The American Library Association (ALA) defines outreach as providing library services and programs outside the walls of the library to underserved and underrepresented populations, populations like new and non-readers, LBGT teens, teens of color, poor and homeless teens, teens who are incarcerated.  As these populations are often marginalized and underserved it is crucial for libraries to recognize these populations and provide services and programs to them where they are.

The President of YALSA, Candice Mack is focusing her year as President with an initiative, “3-2-1 Impact: Inclusive and Impactful Teen Services,” which will focus on building the capacity of libraries to plan, deliver and evaluate programs and services for and with underserved teen populations.  Visit YALSA’s wiki to find and share information about serving diverse teens and building cultural competence.

Each month I will profile a teen librarian providing outreach services and programs outside the walls of the library to underserved and underrepresented teens.  The purpose is for us to learn, connect, network and share with each other the crucial work we are doing in this area.

Ady Huertas is the Manager of Teen Services at the Pauline Foster Teen Center, San Diego Central Library

J:  What kind of outreach services do you provide for teens?

I work with the Lindsay School (a local school for teen moms) and conduct life skills courses through a State funded program called STEP (Skills for Teen Parents). We meet with approximately 40 teen moms on a weekly basis and we focus on different topics each week.

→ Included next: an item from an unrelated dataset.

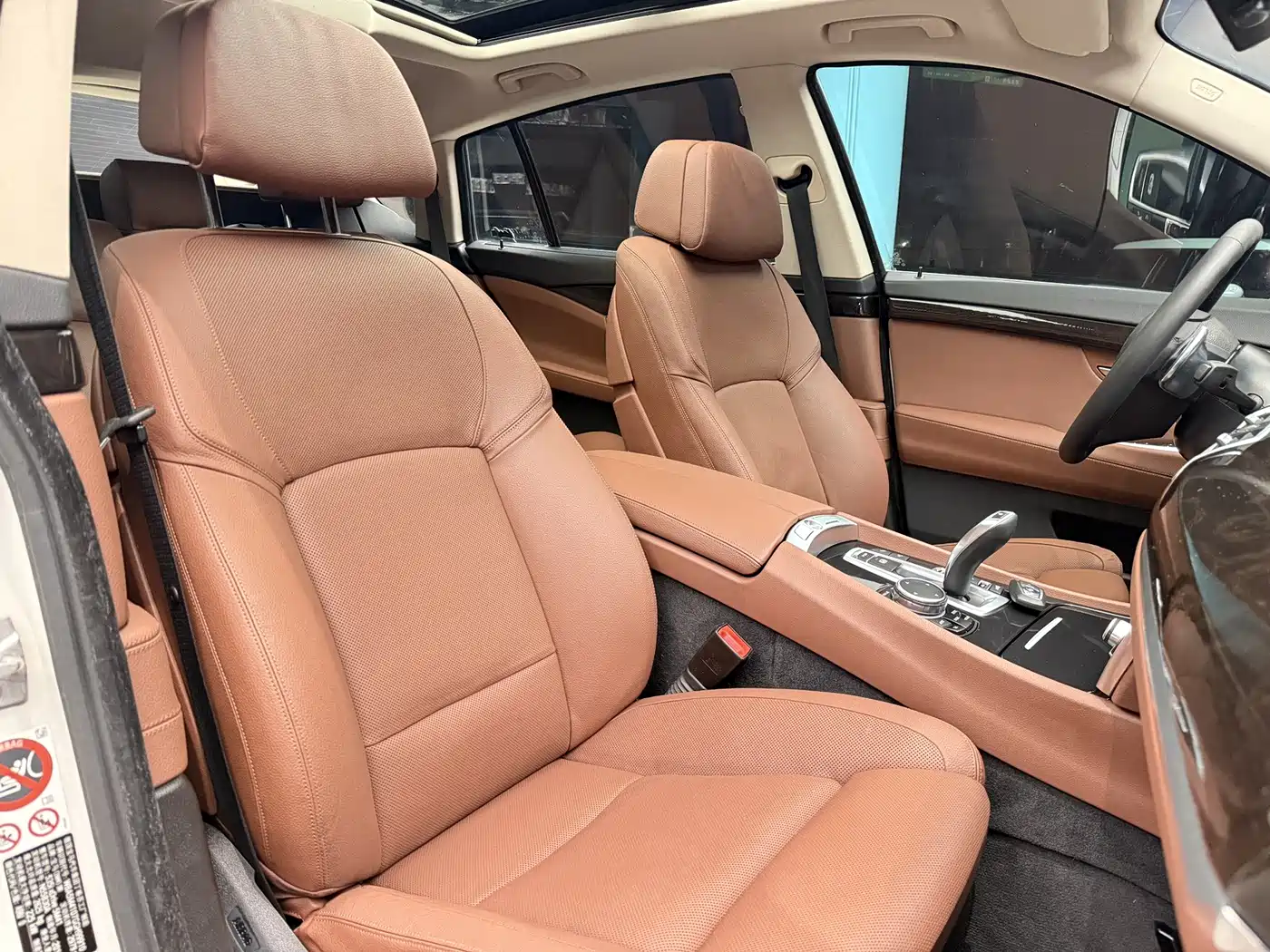 BMW 5 Series GT 2014 535i xDrive фото 14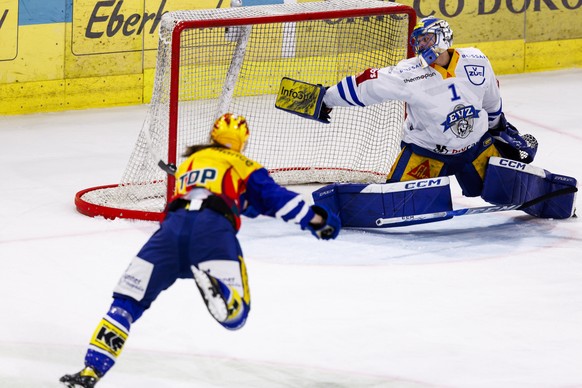 EHC Kloten PostFinance Top Scorer Sami Niku schiesst das 3-3 gegen EV Zug Torhueter Tim Wolf waehrend dem Eishockey-Meisterschaftsspiel der National League zwischen den Teams EHC Kloten und EV Zug am  ...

I work with Southwest Key which is an organization that provides temporary housing and services for recent unaccompanied migrant youth coming to the United States. I conduct regular tours in Spanish to introduce the library as a friendly and welcoming place and work with the Reforma Children in Crisis Taskforce to provide free books for all of the youth in these facilities.  Working with REFORMA on a national level for me has really helped support and expand this partnership with Southwest Key into the great partnership that it is. The youth in Southwest Key could be in the shelter for a week or up to three months.  The San Diego Public Library provides twice monthly 2 hour tours for the youth at Southwest Key to introduce them to the library.  90% of the youth may not have ever used libraries so it is really a chance to highlight all of the great things the library can provide.  This year we also registered the entire center for our Summer Reading Program. 

I serve as an advisor for our SPECTRUM Youth LGBTQ+ group and host weekly meetings for the group and provide a space for community youth to meet and share their experiences as well as plan activities to reach other youth in the community and raise awareness. Our current focus is services to transgender and queer youth.  Right now the teens have been very busy in planning their involvement with the San Diego Trans Pride  and the San Diego Pride Parade in which they march as well as have a high profile visibility assisting at booths where they are able to share with others the work they are doing in the library for and with LGBT youth.

I also work with libraries in Tijuana Mexico and collaborate with librarians internationally to exchange best practices and ideas by hosting a yearly conference titled Creando Enlaces

J:  Describe a day in the life of you providing outreach

When I do the twice monthly visits from Southwest Key I organize a cart of books in Spanish, grab all the program information flyers, library card applications and other resources that might be helpful and have those ready to share.  I do a full on two hour tour of the Central Library with an emphasis on the teen space and the services and programs we provide as well as encouraging the teens to see the space as a safe place and a place to come and be themselves. The visits really focus on introducing the teens to the library and all we provide. With the work I do on the national level with REFORMA and the REFORMA Children in Crisis Project it has really helped to establish the partnership with Southwest Key and with their help it has given the ability to provide each teen with books to serve as companions on their journeys.    

For the Spectrum program, we meet weekly and my role is mostly as a facilitator as well as supporting the ideas the teens will have for programs, possible organizations or guests to bring in to share their knowledge and to try and connect the teens to some of those outside organizations.  In the month of June they were working on being a part of San Diego Trans Pride and assisted at a clothes swap booth at the event to share information about their group as well as sharing zines and books in a mini library at the festival.  They work on programming and helping to make the space a safe space for teens.

J:  What resources would you recommend for someone new to outreach to look for ideas for inspiration as well as best practices?

I really look at what organizations that works with immigrant and refugee youth provide and focus on, not just libraries but those organizations that do work with those youth.  REFORMA  and REFORMA Children in Crisis Project are both organizations I really look to as well as value the work they are doing. There are great book titles I will look to on the booklists that the Children in Crisis Project  to provide to youth.   I also use social media and see what people are talking about on Twitter.  I also use, recommend and value the YALSA Future for Library Services for and with Teens

J:  What are some of your favorite things you have heard from teens while providing outreach services?

It warms my heart to hear teens say things like coming to the library was fun, like maybe they weren’t expecting it to be.  I love to hear they can’t wait to come back to the library.  It’s always rewarding to hear that I helped them.